## DATASET:

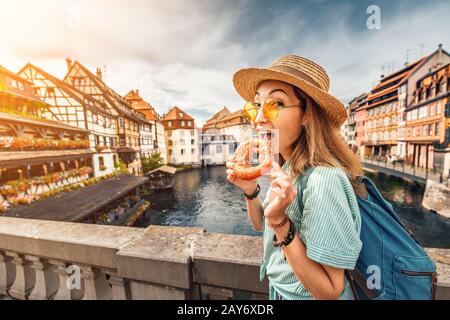 Bonne fille asiatique touriste manger délicieux bretzel pendant son voyage en Europe. Tourisme et concept alimentaire Banque D'Images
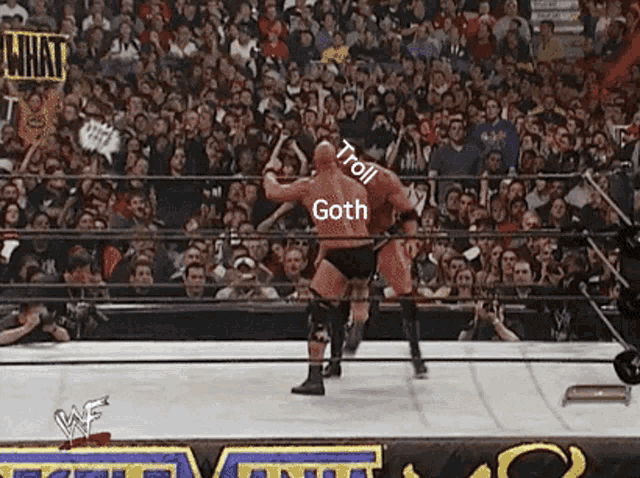 a man in a red shirt is wrestling another man in a black shirt in a wrestling ring .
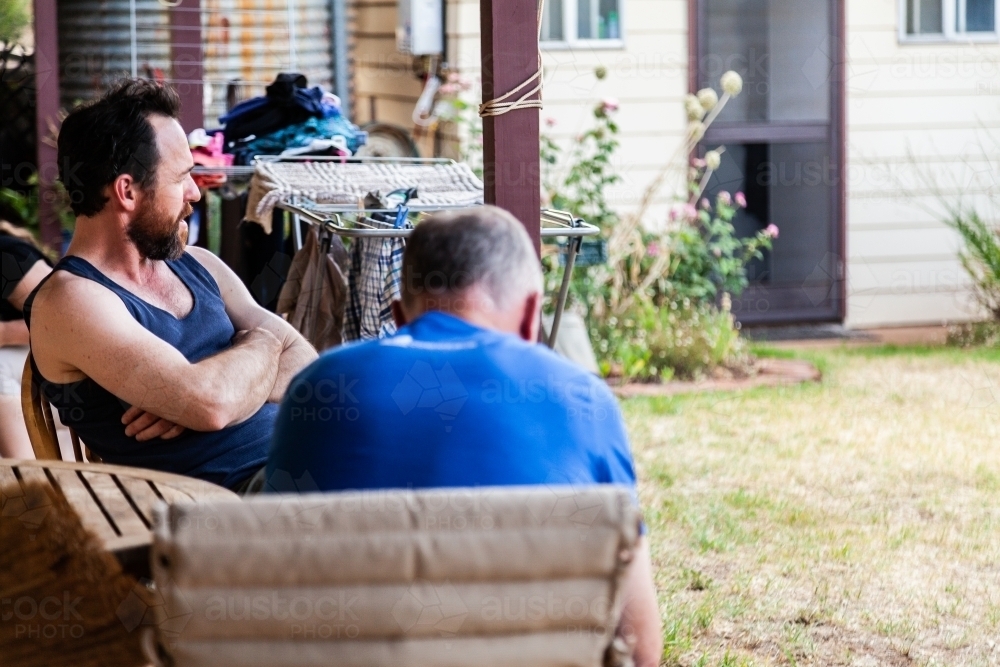 Two men chatting together on verandah - Australian Stock Image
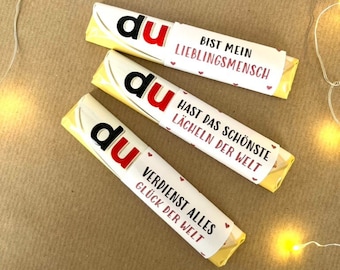 May include: Three yellow chocolate bars with white labels. The labels have the word "du" in red and a message in black. The messages are "Bist mein Lieblingsmensch", "Hast das schönste Lächeln der Welt", and "Verdienst alles Glück der Welt".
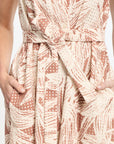 Close-up of a patterned dress with a belt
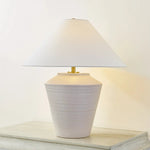 Inspired by raw beauty of the desert, this whitewashed terracotta table lamp is calm and refreshing. The textural body contrasts beautifully with the angular tapered white linen shade. An Aged Brass frame provides a surprising metallic finish. Part of THELIFESTYLEDCO® collection. Amethyst Home provides interior design, new home construction design consulting, vintage area rugs, and lighting in the Tampa metro area.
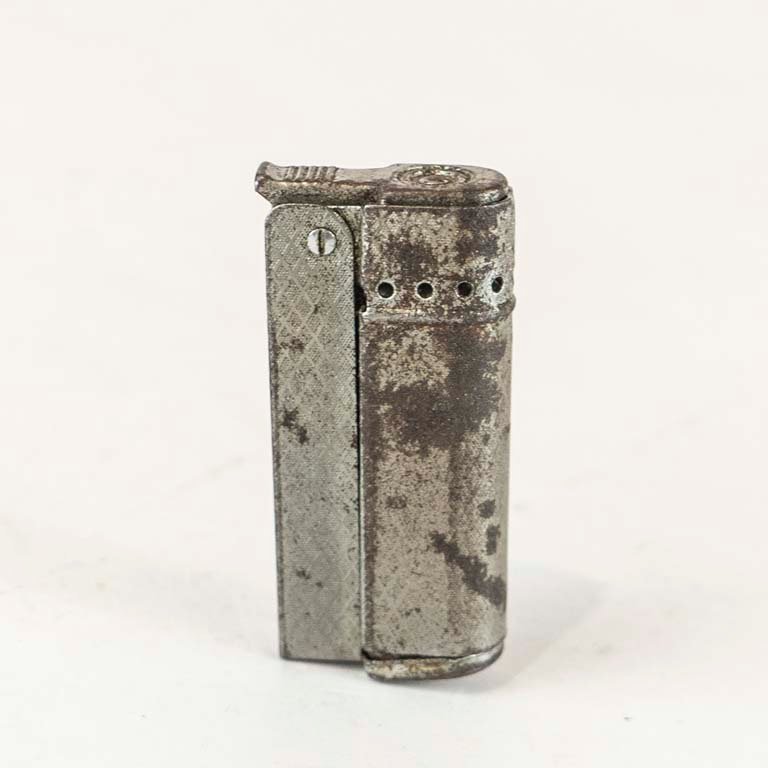 Lote anterior: Encendedor de metal con detalles en mal estado
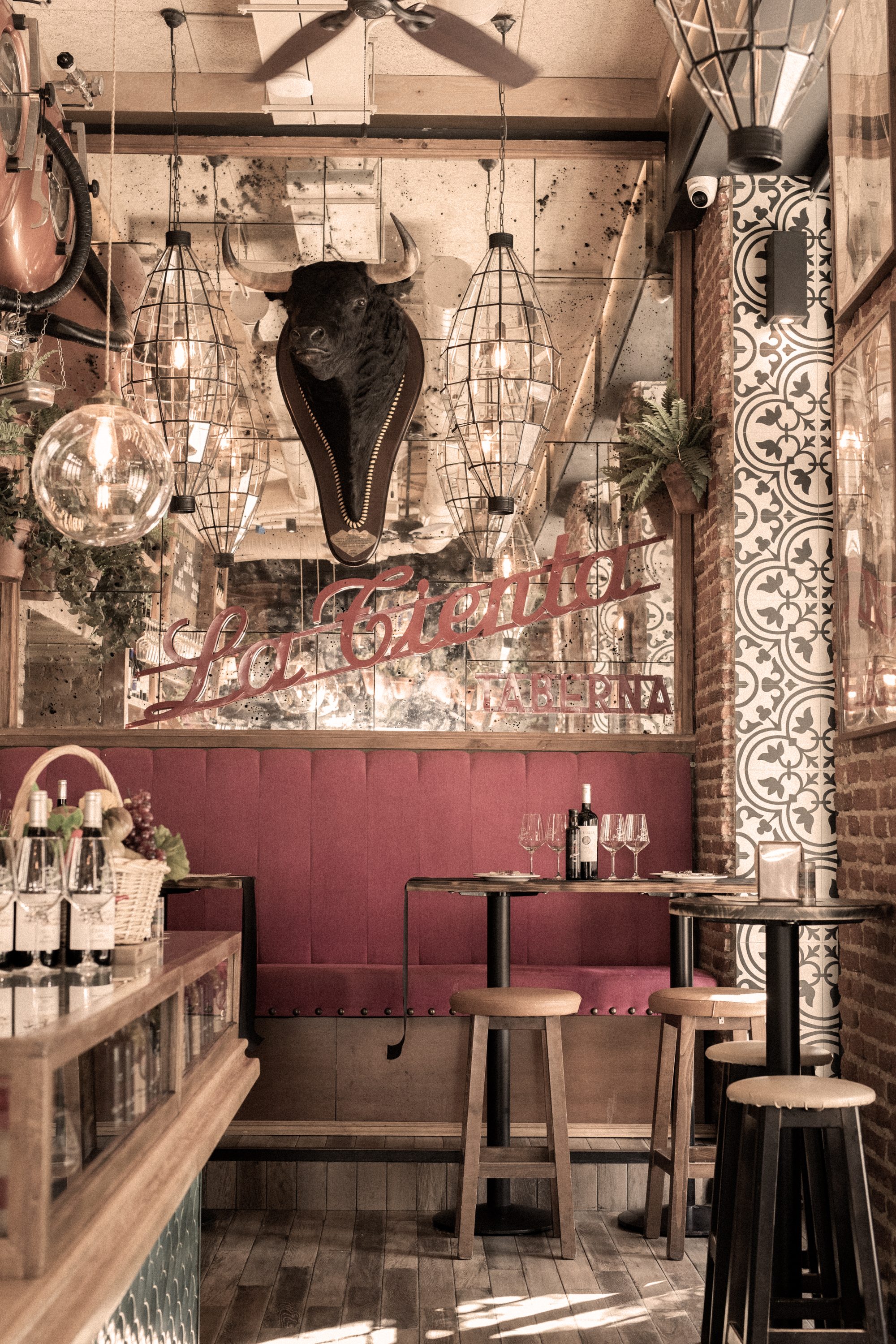 a restaurant with a bull head from the ceiling
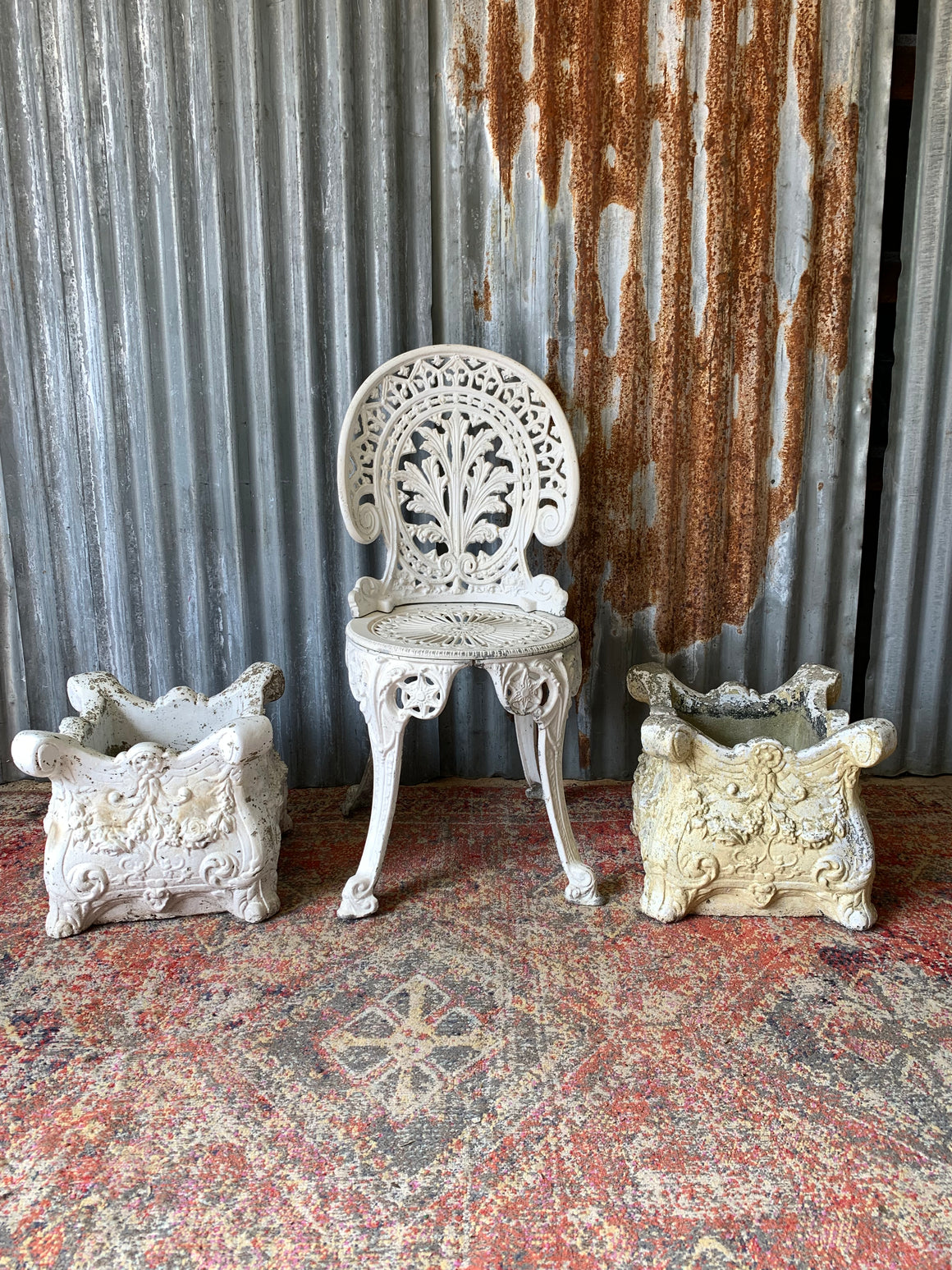 A pair of white French style cast stone planters
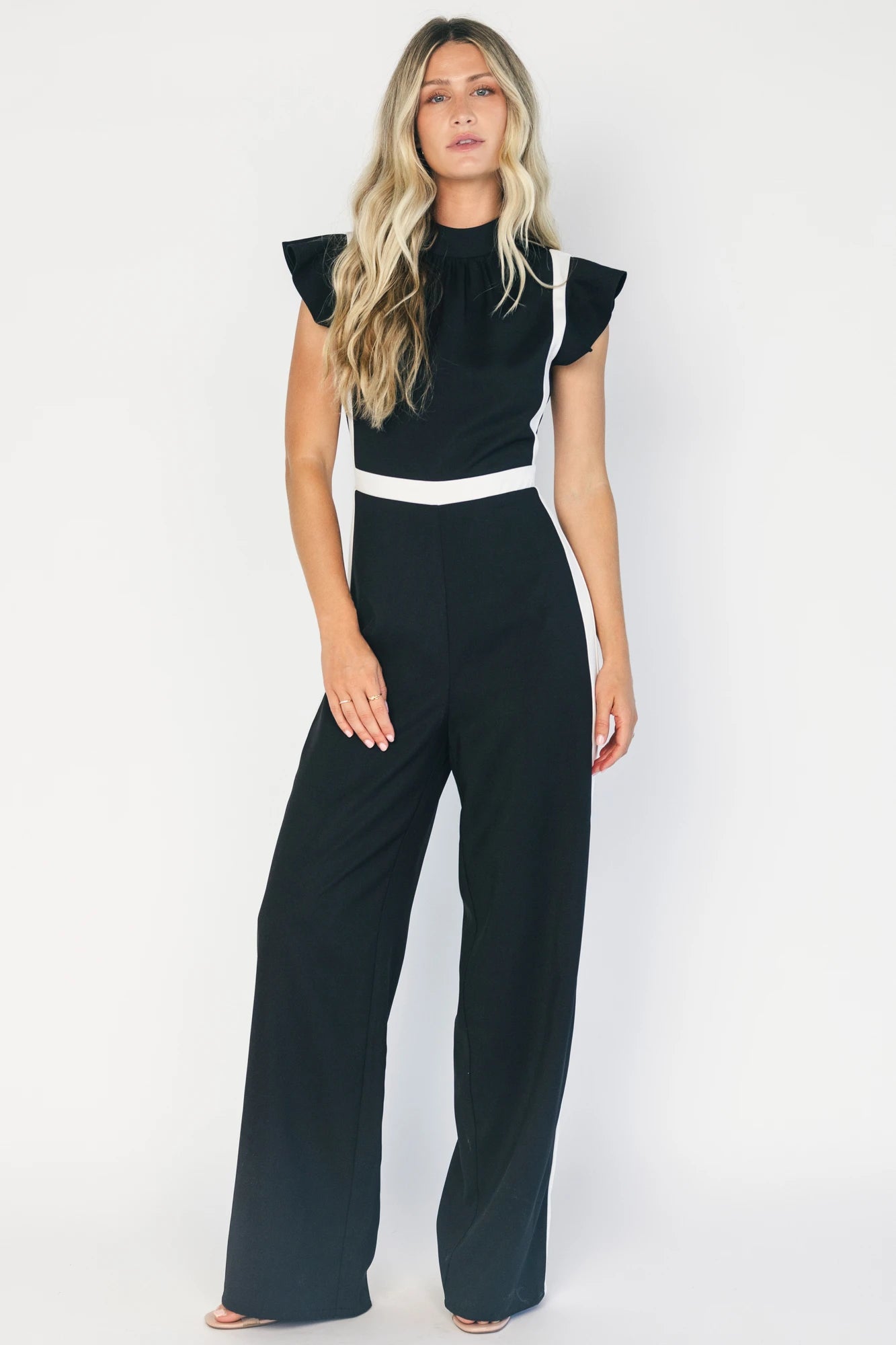 Model wearing the Lumina Ruffle Jumpsuit in Black + Ivory featuring a sleeveless ruffle-trim bodice, defined waist, and flowing wide-leg pants.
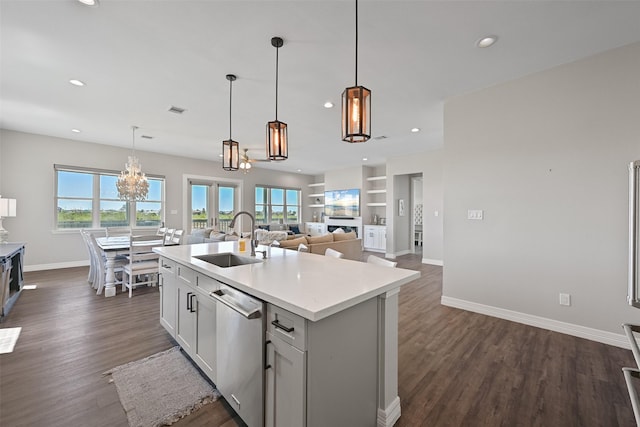 3914 Curlew Dr, Galveston, TX 77554 - kitchen with dishwasher, a chandelier, recessed lighting, light countertops, and a center island with sink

## ABOUT THIS EXERCISE:
Begin at the first line of the records. Print every line through the one containing "Two men chatting" exactly, but skip the pictures.

## WRITTEN SOLUTION:
 Bonne fille asiatique touriste manger délicieux bretzel pendant son voyage en Europe. Tourisme et concept alimentaire Banque D'Images
 a man in a red shirt is wrestling another man in a black shirt in a wrestling ring .
 Two men chatting together on verandah - Australian Stock Image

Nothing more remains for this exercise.